Dmitri Orlov, UC San Diego
The development of materials that can withstand extreme heat flux environments is crucial for both the realization of fusion energy and the exploration of the solar system. Testing heat shield materials is challenging due to the lack of adequate ground testing facilities. Here, we present a study of carbon ablation in high-heat plasma relevant to hypervelocity spacecraft entries that was conducted in the DIII-D tokamak. We showed that conditions in the DIII-D L-mode edge plasma can reproduce the flow velocity and high heat flux experienced during the Galileo probe's entry into the atmosphere of Jupiter.

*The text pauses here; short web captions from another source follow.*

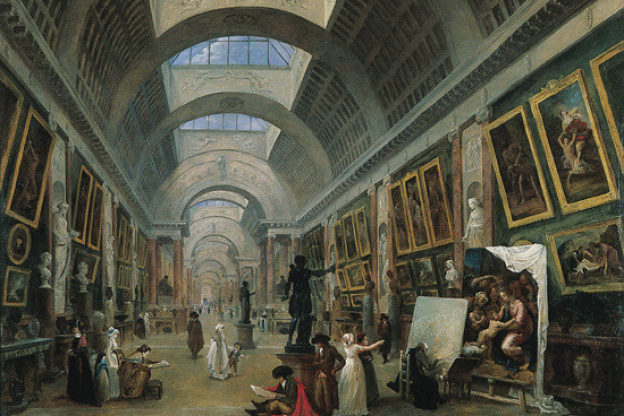 Hubert Robert au Musée du Louvre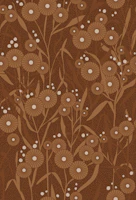 Japandi Flowers earth tone behang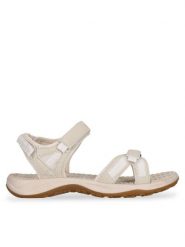 Whistler Sandały Kali W232210 Biały. Białe sandały damskie WHISTLER, bez wzorów, ze skóry, bez obcasa, na płaskiej podeszwie. Za 279.99 zł.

In this study, three types of experiments were conducted using stationary graphite rods, porous carbon spherical pellets, and glassy carbon spherical pellets. In each case, the mass loss rates as a function of heat flux was determined from an extensive array of spectroscopic measurements and compared against several semi-empirical ablation models obtained from spacecraft flight data. Additionally, the experimental results for the pellet trajectories and mass loss rates of the porous and glassy carbon pellets were confirmed using the UEDGE-DUSTT simulations. The coefficients learned from the experiment and the semi-empirical models were used in simulations to investigate the ablation of different carbonaceous objects as they enter Jupiter's atmosphere. The results of this study demonstrate that scaling between DIII-D experiments, available flight data, and numerical models can be used to optimize heat shields for future planetary missions.

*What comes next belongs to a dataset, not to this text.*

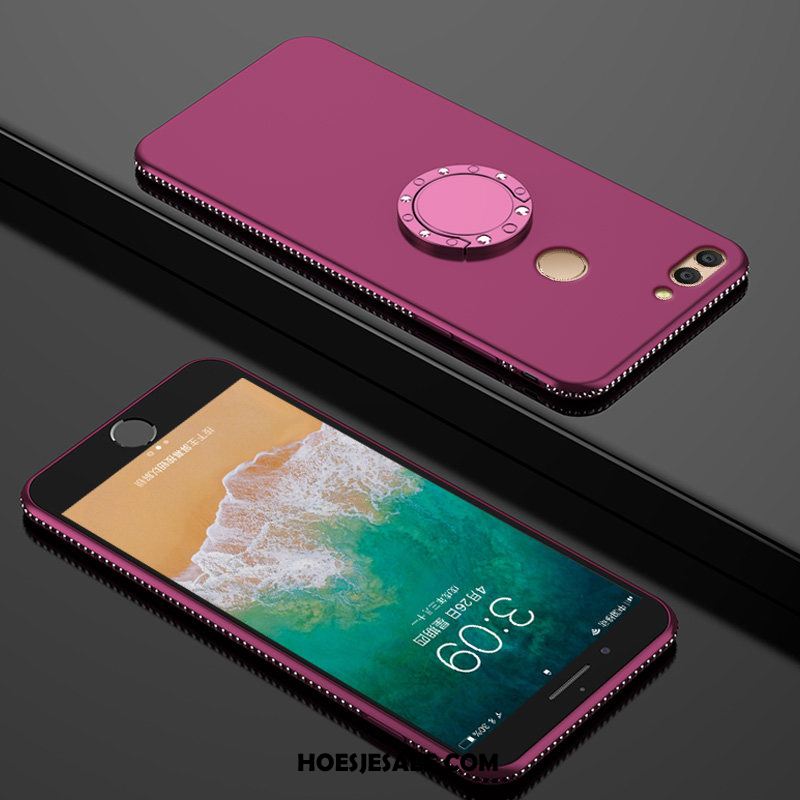 Huawei P Smart Hoesje Purper Bescherming Schrobben Anti-fall Trend Sale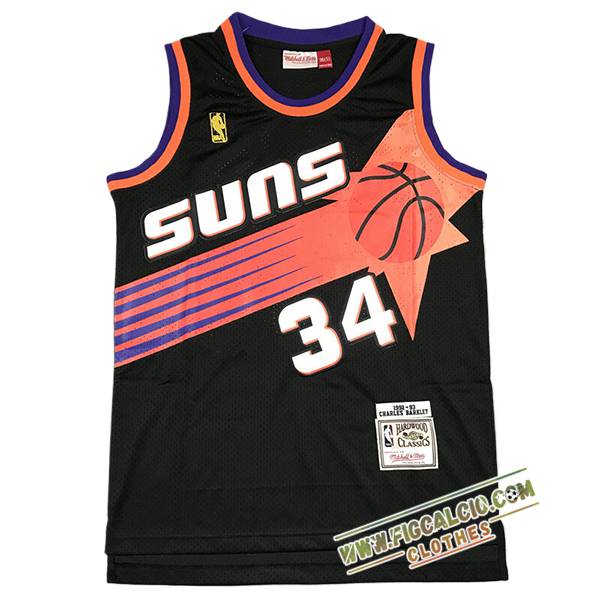 Maglia Phoenix Suns (BARKLEY #34) 2025/26 Nero/Arancia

This material is based upon work supported by the U.S. Department of Energy, Office of Science, Office of Fusion Energy Sciences, using the DIII-D National Fusion Facility, a DOE Office of Science user facility, under Awards DE-SC0022554, DE-SC0021338, DE-SC0023375, and DE-FC02-04ER54698.

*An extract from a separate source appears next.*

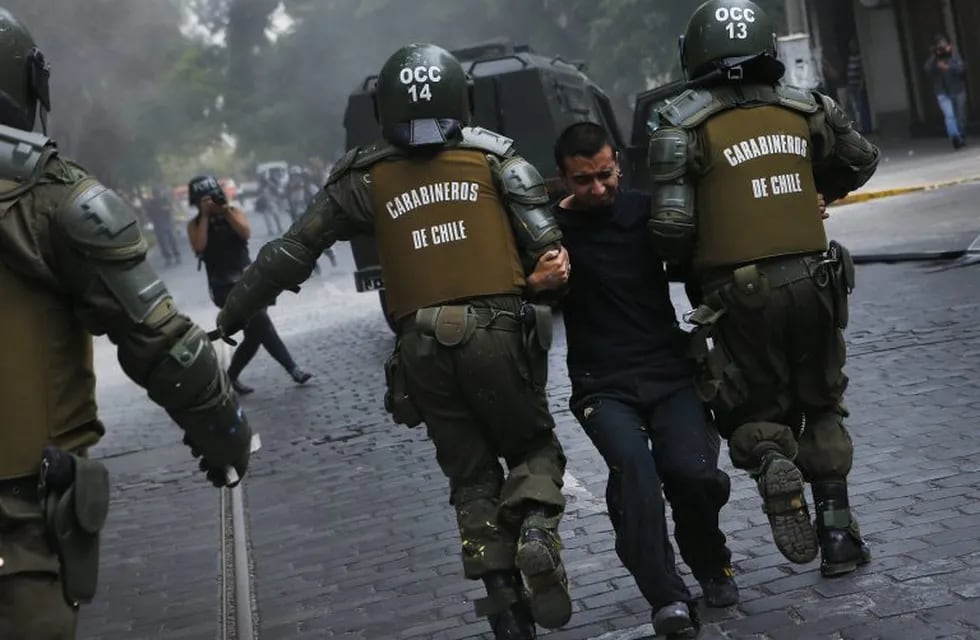 Represión en Chile. (EFE)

Eruption of Dynamic Jets from an Arched Magnetized Laboratory Plasma
Shreekrishna Tripathi, UCLA
Solar photosphere and chromosphere are composed of partially ionized plasma, where interactions among neutrals and charged particles play important role in structure formation and dissipation of energy. A laboratory plasma experiment at UCLA has explored formation of jets from an eruptive arched magnetized plasma with dimensionless parameters relevant to the Sun's photosphere (β ≈0.001, Lundquist number ≈ 10000, plasma radius/ion gyroradius ≈ 20, ion-neutral collision frequency » ion cyclotron frequency). The arched plasma was kink- and torus-stable, therefore eruption leading to formation of a dynamic jet is not intuitive. Detailed measurements of plasma density, flow, temperature, and three-dimensional magnetic-field were performed. Development of a strong magnetic-shear in the arched plasma was identified to be the primary driver of the jet. Strong magnetic and thermal pressure gradients were recorded near the birthplace of jets prior to its formation. The jet evolves impulsively with supersonic speeds in the beginning (Mach 1.5). The plasma flow persists up to the resistive-diffusion time in the arched plasma. Highly-twisted magnetic structure of the jet, as a consequence of diamagnetic-currents, was observed. Ion-neutral charge-exchange collisions were identified to be efficient in producing the cross-field current that plays an important role in controlling the dynamics and aspect-ratio (ratio of length and width) of the jet.
References: Sklodowski, Tripathi, & Carter, “Dynamic Formation of a Transient Jet from Arched Magnetized Laboratory Plasma”, Astrophys. J., 953(1), 2023, 5
Acknowledgment: This research was primarily supported by the US Department of Energy under award number DE-SC0022153.